Friday, October 15, 2010

Reading is Hard Sometimes

It's book awards season. Otherwise known in my brain as that time when I remember all the good books I'm not reading, panic slightly about how I will ever have time to read them all, remember that I don't have an unlimited book-buying budget, cry, and go home.

Not really, but it does always cause me some anxiety. I love books, but it's overwhelming sometimes how many of them there are. I had a lot of this type of anxiety in university, when it seemed absolutely essential to read every single classic, not to mention all the obscure essays/poems/novels that no one has heard of now but obviously changed forever the landscape of essay/poem/novel writing and because of which nothing will ever be the same. I eventually let this go, because it was either that or invent a time machine, and I'm pants at science. (I obviously got far enough into the British contemporary realm to learn the modern slang usage of the word pants.)

But, as some of you may know, I work in publishing. I'm pretty new at working in publishing, relatively speaking, and while I love my job I would eventually like to move into something different, and to do that I know that I'll need to be more up on the contemporary book scene that I am. So my anxiety about needing to read every book ever hasn't really gone away, it's just changed. Classics don't matter now; contemporary fiction does.

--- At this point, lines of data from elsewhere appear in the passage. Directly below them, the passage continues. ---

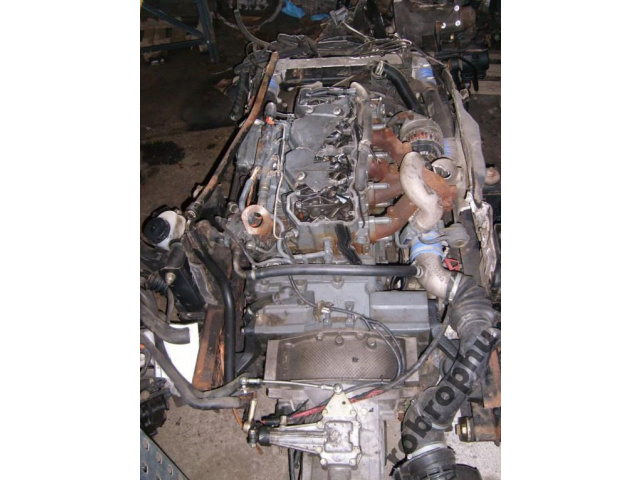 Двигатель PERKINS COMMONRAIL 4-CYLINDROWY AVIA 2005г..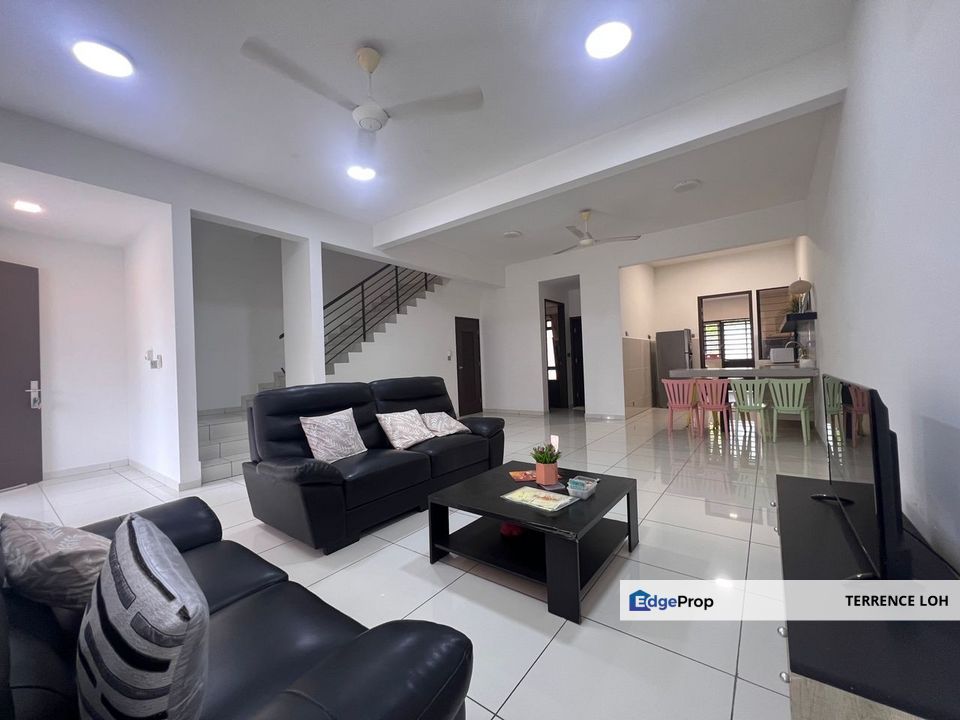 Rare gem at horizon hills with huge built up, Johor, 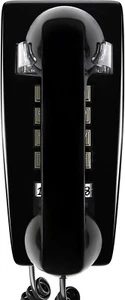 Retro Wall Phones for Landline with Loud Mechanical Ringer Vintage Wall Mount Ph - Picture 1 of 7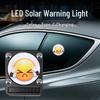 Solar Dynamic LED Vehicle Expression Lights with Suction Cup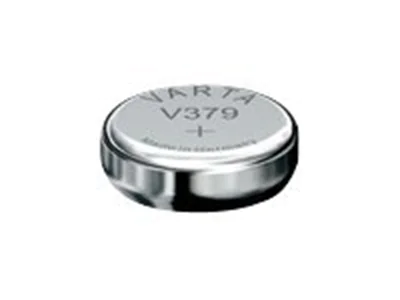Varta V 379 - Batterie SR63 - Silberoxid - 14 mAh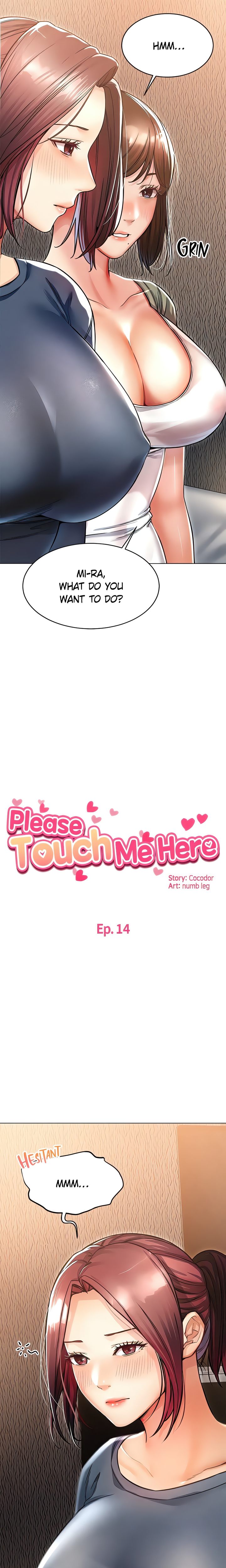 Could You Please Touch Me There? - Chapter 14 [photo 2] - MangaPorn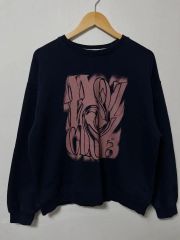 Free mozmoz ルーズフィット スウェット スウェット トレーナー 正規品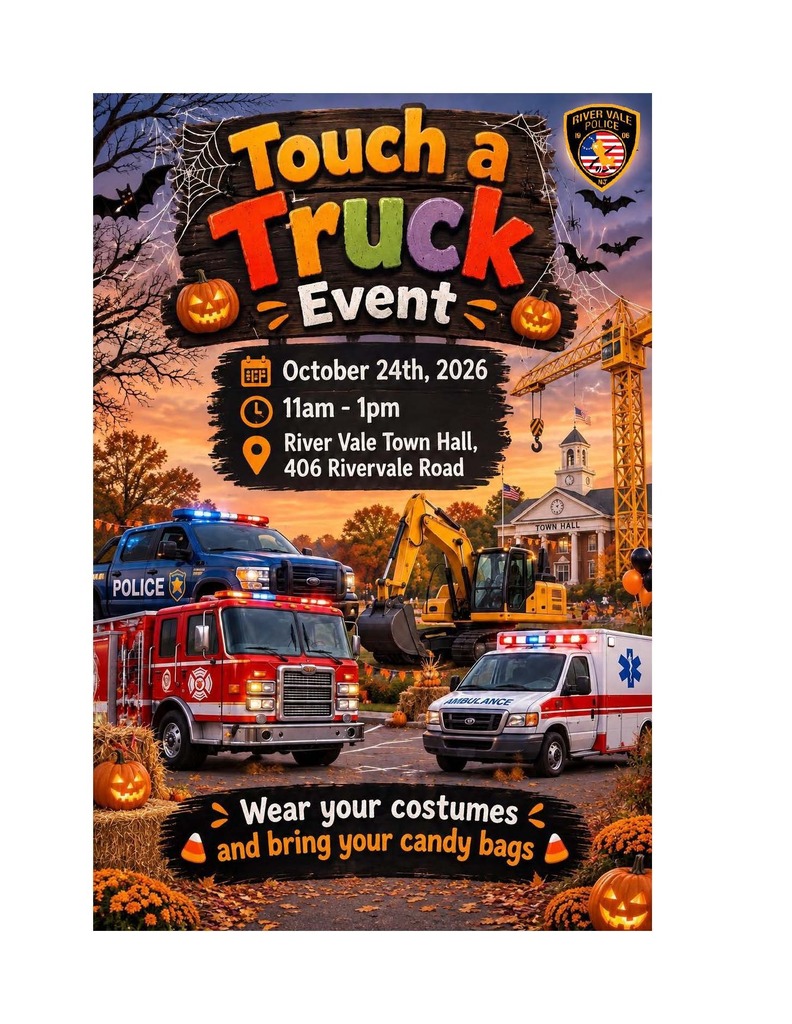 Touch a Truck 2026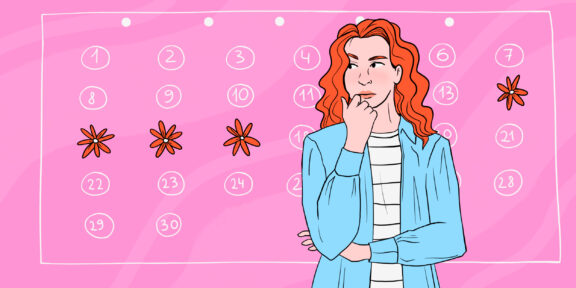 Всё о месячных: 25 ответов на глупые и стыдные вопросы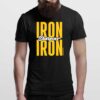 Iron Sharpens Iron Proverbs 2717 Shirt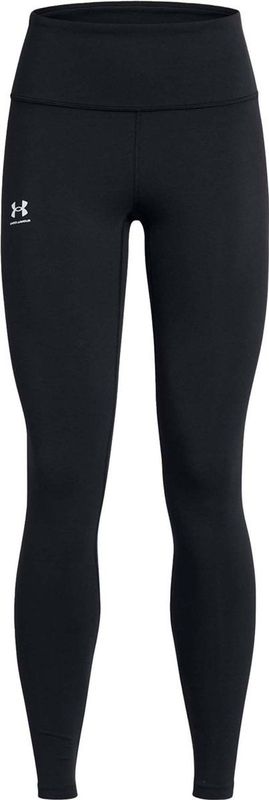 Under Armour - Campus Leggings - Zwart - 58% Katoen - 32% Polyester - 10% Elasthan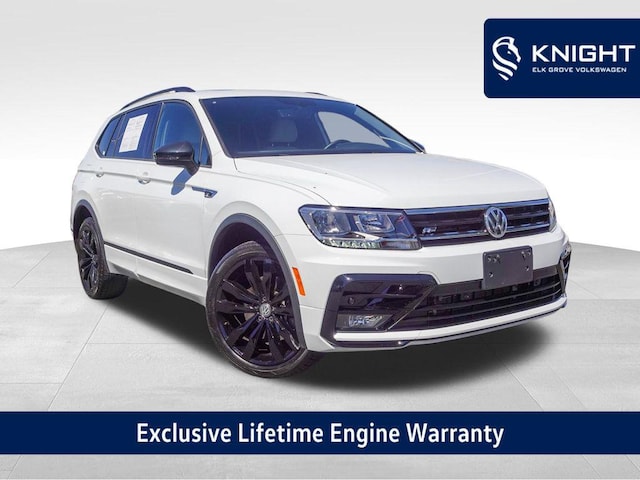 2020 Volkswagen Tiguan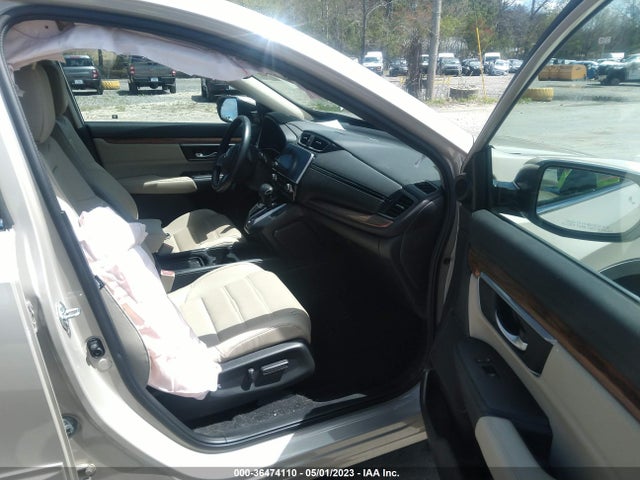 Honda Cr-v Ex-l 2017 5J6RW2H8XHL043261 Image 5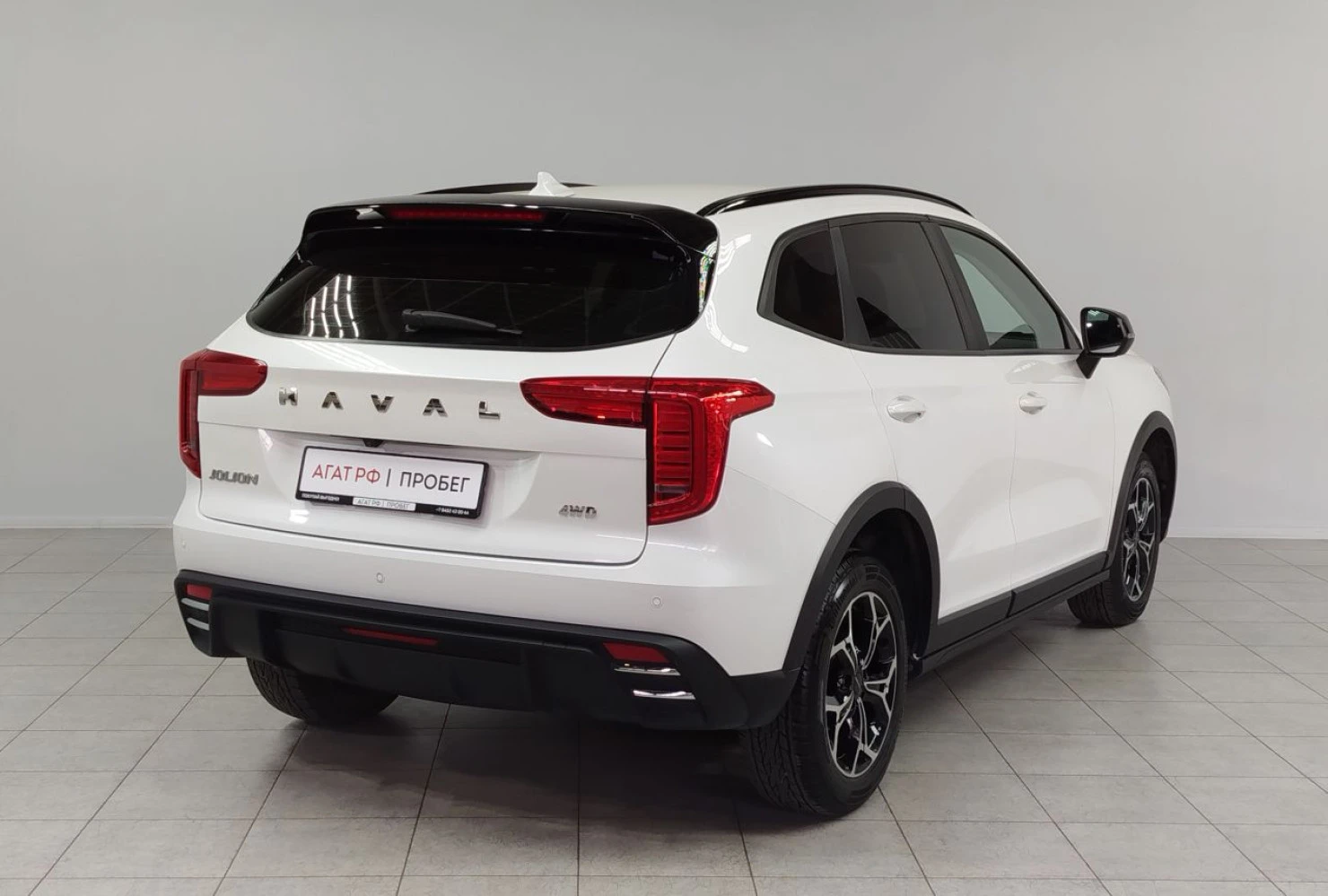 HAVAL Jolion, 2024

How do people do this? Libraries only go so far, and I never have the patience for them anyway. Plus, though I know award-winning books will probably be good, that doesn't mean they're always going to be my first choice. Do people in the industry just read enough reviews to sound like they know what they're talking about, or do they actually read everything relevant to them? I suspect the former.

Anyway, the point of this post is, I guess, to appeal to some rich book-buying patron. Anyone? Do you guys find yourselves wondering if you should be reading something, even if you don't particularly want to?

1 comment:

  1. Reading the trade mags is really the only way to keep up. Publishers Weekly and Bookscan are pretty useful, as are any genre specific trade mags. I wouldn't know about Hunger Games otherwise.

    Also, you might want to consider joining Shelfari or Goodreads and posting your reviews there. It's a good place for exposure.

    Bottom line: read what you want to, not what you think you should. Your future career should be something you enjoy.